[WHAT IS NEEDED] An exact repeat is needed of the lines from the one with "Ayrek-Dart Love Story For Under Dark" through the last line of the data below. Please omit the pictures.

[INFORMATION SUPPLIED]
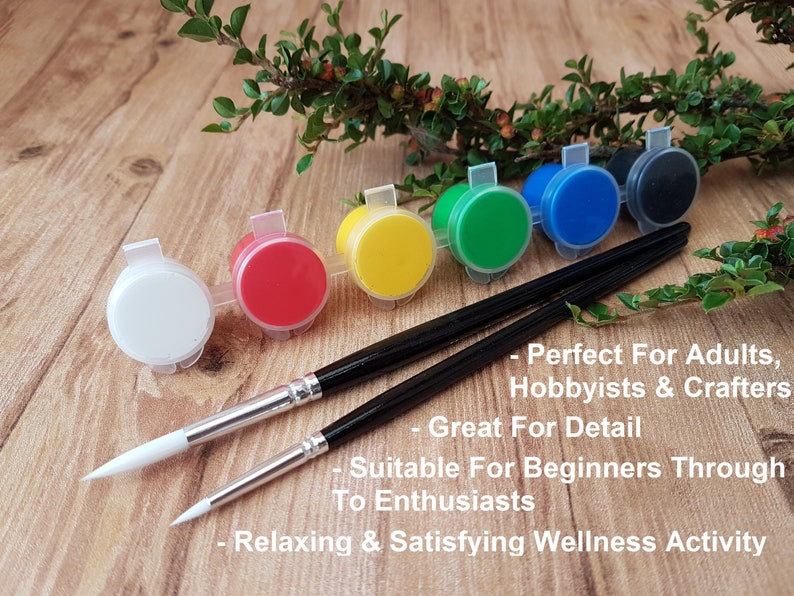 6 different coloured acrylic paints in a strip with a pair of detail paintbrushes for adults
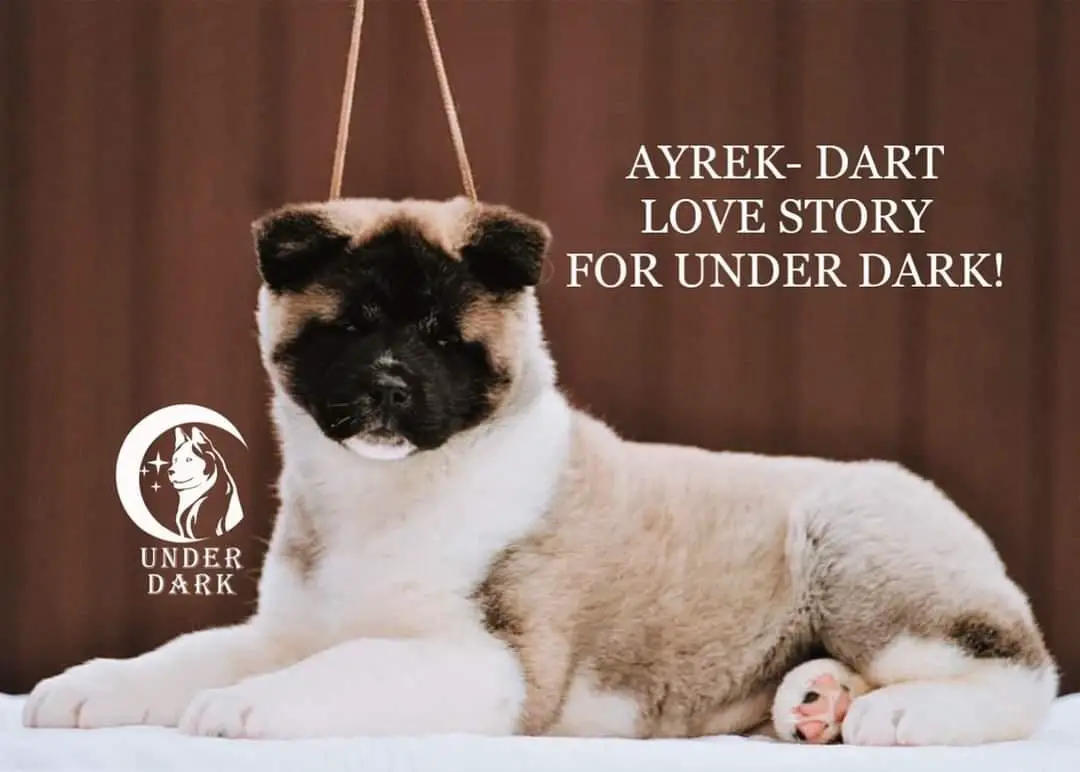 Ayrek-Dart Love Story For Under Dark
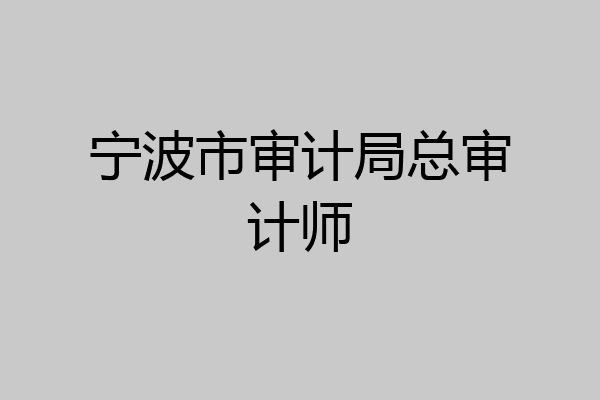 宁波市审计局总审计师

[RESULT FOR THIS TASK]
 Ayrek-Dart Love Story For Under Dark
 宁波市审计局总审计师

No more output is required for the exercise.